Feb 01 2010

Our Dream Is Dead

Published by at 8:19 am under All General Discussions

I have no idea who is talking inside the current administration regarding technical matters, but whoever they are they are pretty damn dumb. The global warming charade is probably the best known march of the ignorant, but it is not the only example of people trying to make decisions about things they have no business making.

Now it seems someone in the White House thinks we can just buy a manned spacecraft off the lot:

NASA’s grand plan to return to the moon, built on President George W. Bush’s vision of an ambitious new chapter in space exploration, is about to vanish with hardly a whimper.

Obama’s budget, according to a background briefing by an administration official on Sunday, will call for spending $6 billion over five years to develop a commercial spacecraft that could taxi astronauts into low Earth orbit. Going commercial with a human crew would represent a dramatic change in the way NASA does business. Instead of NASA owning the spacecraft and overseeing every nut and bolt of its design and construction, a private company would design and build the spacecraft with NASA looking over its shoulder.

Or we can design special fairy dust and fly like Tinker Bell.
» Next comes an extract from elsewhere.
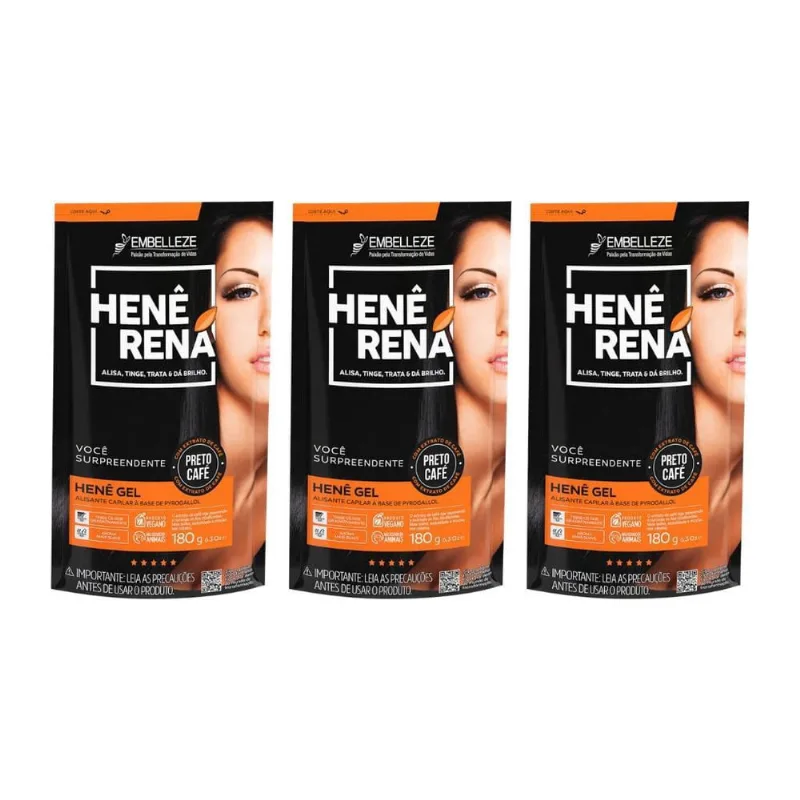 Hene Rena 180G Preto Cafe - Kit Com 3Un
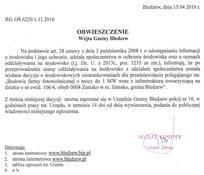Ilustracja do artykułu: Ogłoszenie Wójta Gminy Bledzew o wydanej decyzji środowiskowej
What is even more stunning is that this is not even a cost savings to the public (nor shovel ready). The Orion Crew Exploration Vehicle (which is now under contract and being built) was originally budgeted for $3.9 billion. I seriously doubt it will stay there, but it has been through requirements definition and preliminary design. Why start over and throw tens of thousands of people out of work  in the process?

And I am only talking the jobs associated with Orion and Ares (the launch vehicle). There are more jobs to be lost this year when the Space Shuttles are retired:

The administration estimates the new funding for the commercial program would create up to 1,700 jobs, which could help offset the expected loss of 7,000 jobs in Florida when the space shuttle is retired next year.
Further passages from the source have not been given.